Dee came back with the teapot. “Do you have a plan to fix the gallery?”
“We got a little sidetracked,” said Jan, pushing aside the plans to make room on the coffee table. “Anyway, Lacey, the main gallery upstairs doesn’t have enough layers of security as it is now. Just the locked main door, right? A glass one, so it could be broken through.”
“Yes, and the cameras. But it’s good enough for those pottery and glass things in the next gallery. They’ve been up there for a week.”

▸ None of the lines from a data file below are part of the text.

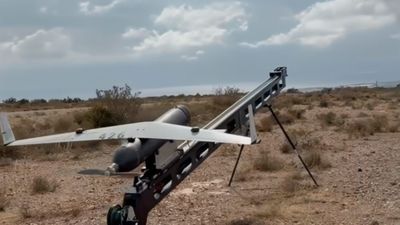 Destinus completa con éxito una demostración de defensa antidron con su sistema Hornet en Almería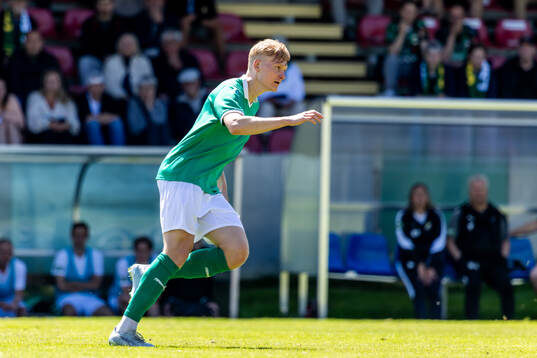 uLjungskiles Filip Örnblom nder fotbollsmatchen i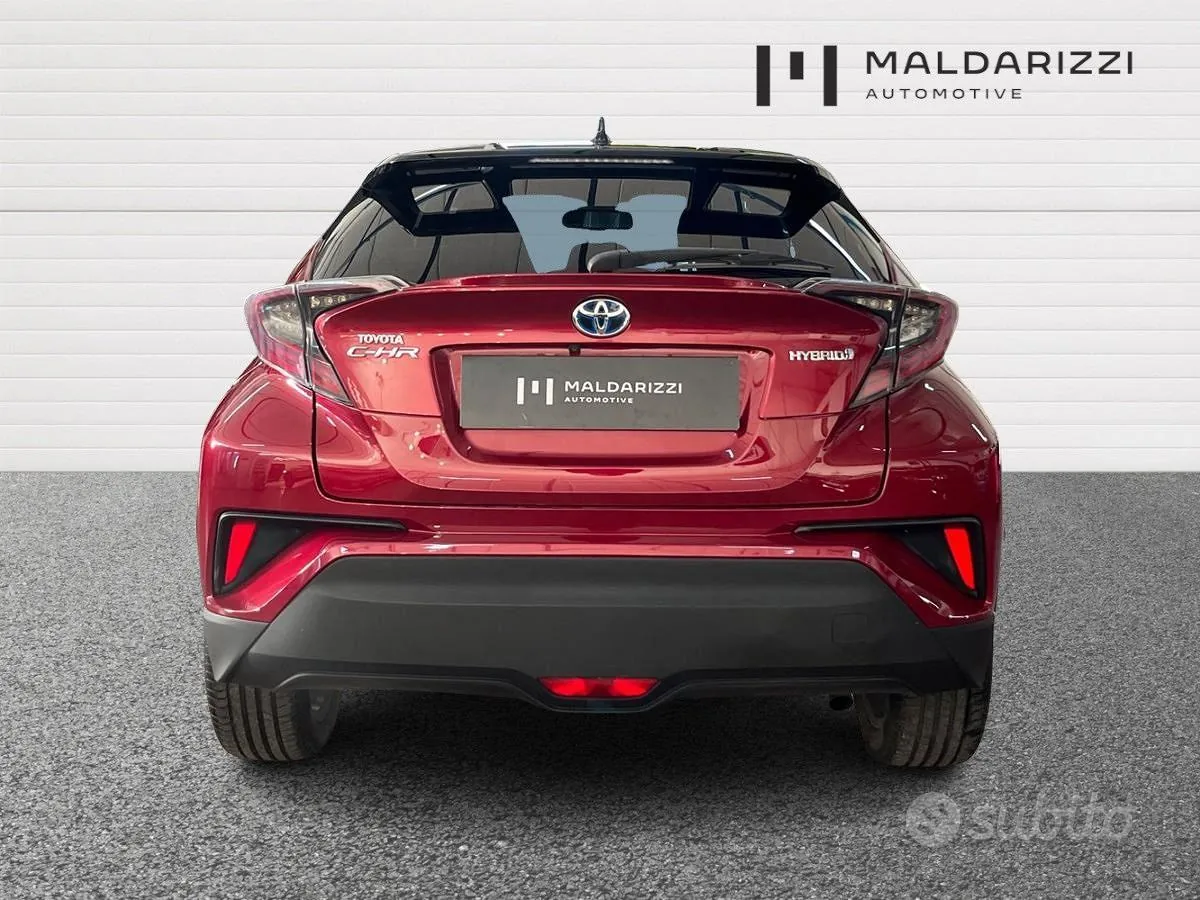 Toyota C-Hr 2018 photo 3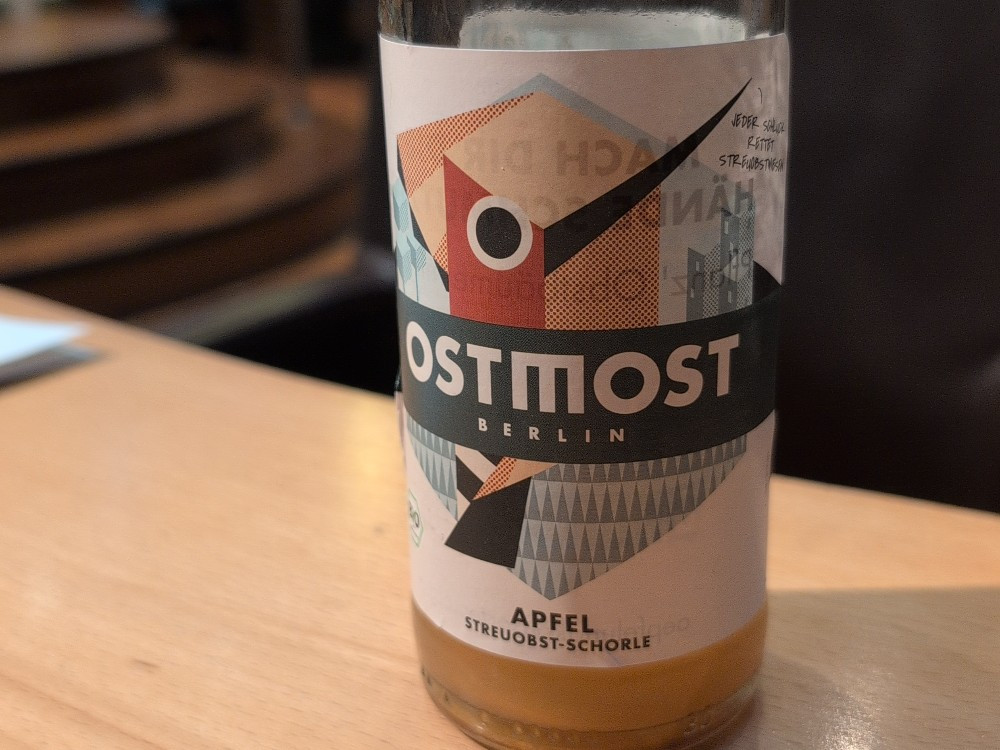Ostmost Apfelschorle, 0,33l Flasche von koehr | Hochgeladen von: koehr Ostmost Apfelschorle, 0,33l Flasche von koehr | Hochgeladen von: koehr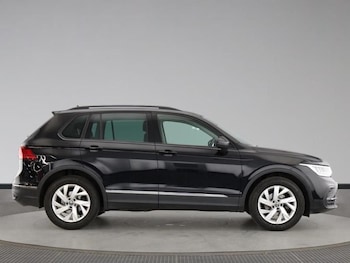 Used Volkswagen Tiguan 2022 for sale - 75411115: Photo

“Those are new ones, by local artists.” If this woman couldn’t tell the difference between a pot fired yesterday and a hundred-year-old painting by a Canadian master, she had no business working in an art museum.
Dee frowned at the plans. “Round-the-clock security will run into big bucks.”
“Rent-a-cops make that much?” Lacey leaned forward. “Maybe I should try that after all.”
“The companies that rent them out make a bundle,” Dee corrected. “The guards don’t. We’d need two shifts per night, two guards per shift, say ten thousand for a week. Hell on the budget. And someone has to set up their routines and check up on them and so on, costing more valuable time. Three days to the opening gala and now this.”
Jan abandoned the struggle to sit still. She paced to the fireplace and around the sofas over there, shaking her fingers, her words coming almost faster than her brain could keep up with.
“If we can harden the gallery sufficiently, Rob will need half a day at the storage vault to personally verify each painting’s accession number and make sure it gets onto the truck. Leaving it up to the storage folks risks getting a wrong picture, one that won’t fit in the wall layout or whatever. We can do it. I can help him.”